Yes, the chalk board in the lab full of equations – and buried in the middle is “And then a miracle happens”.
Isn’t that always the way it’s done at NASA? 🙂
https://i.pinimg.com/736x/d8/83/7b/d8837bc36497ecce8a8f784cc538112e.jpg
Although it’s more than just Step 2 that needs more detail
….how, exactly, two SLS missions could be launched close enough together to make the mission plan possible.
You’d have to build a second mobile launcher, for starters. (Oh, what fun!) But given what launch pad turnaround has been like so far, I have to think you’d need to claw LC-39A away from SpaceX, too. But I’m sure Griffin would take special delight in that.
A second crawler? Another $2-billion? FEATURE!
Maybe 10 years ago, that would have been a reasonable architecture. In the real world as we face it today, it’s a recipe for not developing new capabilities, and not landing on the moon before 2040.
He is so afraid of refueling. He doesn’t understand is the solution to a tanker failure is to send another tanker. You have lost low-value, trivially-replaceable fuel.
“Elon, we lost a tanker!”
“Meh! Send another…”
““Meh! Send another…”
The difference between a rocket factory and a custom rocket workshop…
The Griff needs to get a grip…
It is remarkable that Mike Griffin can urge this as an objective: “China must not be allowed to beat NASA and its allies back to the Moon.”
And propose as his solution: Have NASA develop a two-stage, storable-propellant lunar lander on a cost-plus contract.
This only works if you don’t think China can reach the Moon until the late 2030’s.
more like 2070’s, if we’re lucky.
I know, it identifies a perceived problem and offers a worse solution fraught with even more peril.
This isn’t even underpants gnome engineering at this point.
Sounds like they need a lunar lander developed on the fast and cheap, so here goes a quick and dirty design.
The early Apollo LEMs were about 15,000 kg at launch, and a Falcon Heavy can put about 12,000 kg on a TLI with an expendable launch. So we shave lander weight by only having a crew of one and making the ascent module a Bigelow tent with a pop-up console and flat screen displays instead of windows. Assuming that cuts the weight of everything in half, it only needs about 5,000 lbsf for the descent engine, so use 50 or 60 hypergolic Draco thrusters, half of which will also be part of the ascent stage. It has one hatch on the bottom center (surrounded by all those Dracos), taken from a retired cargo Dragon. The ECS is a surplus PLSS pack from the Shuttle or ISS, duct-taped to the floor.

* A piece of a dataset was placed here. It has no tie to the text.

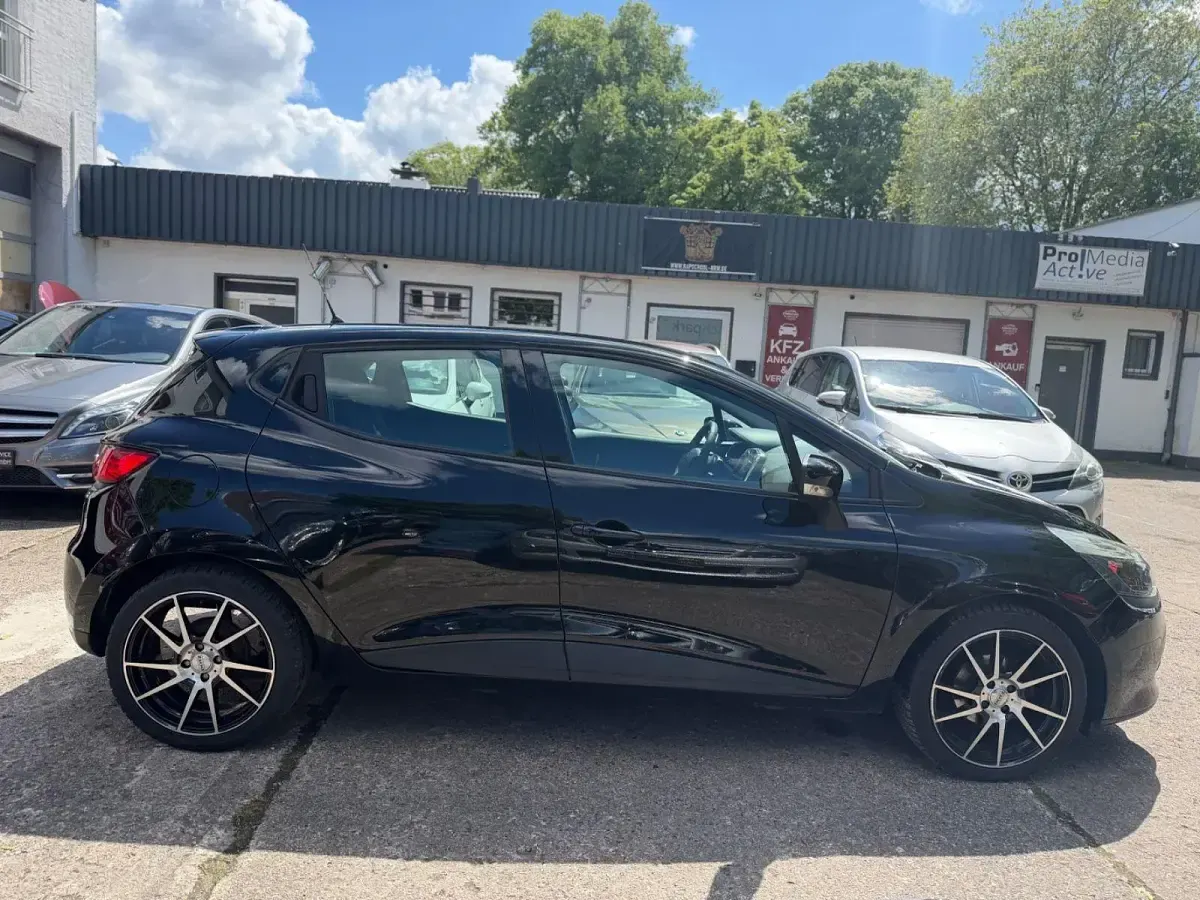 Gebraucht Renault Clio Expression 73 PS (53 kW) 2014 Schwarz Kleinwagen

Everything possible is re-used or re-purposed from Dragon.
It’s still a pointless waste of money, but less money than whatever they’re going to blow on designing something that they’re never going to fly.
Reminds me of the “customizations” the fictional stranded astronaut Mark Whatley did to the Mars lander in the story “The Martian” in order to gain the Delta-V needed to rendezvous with the returning orbiter.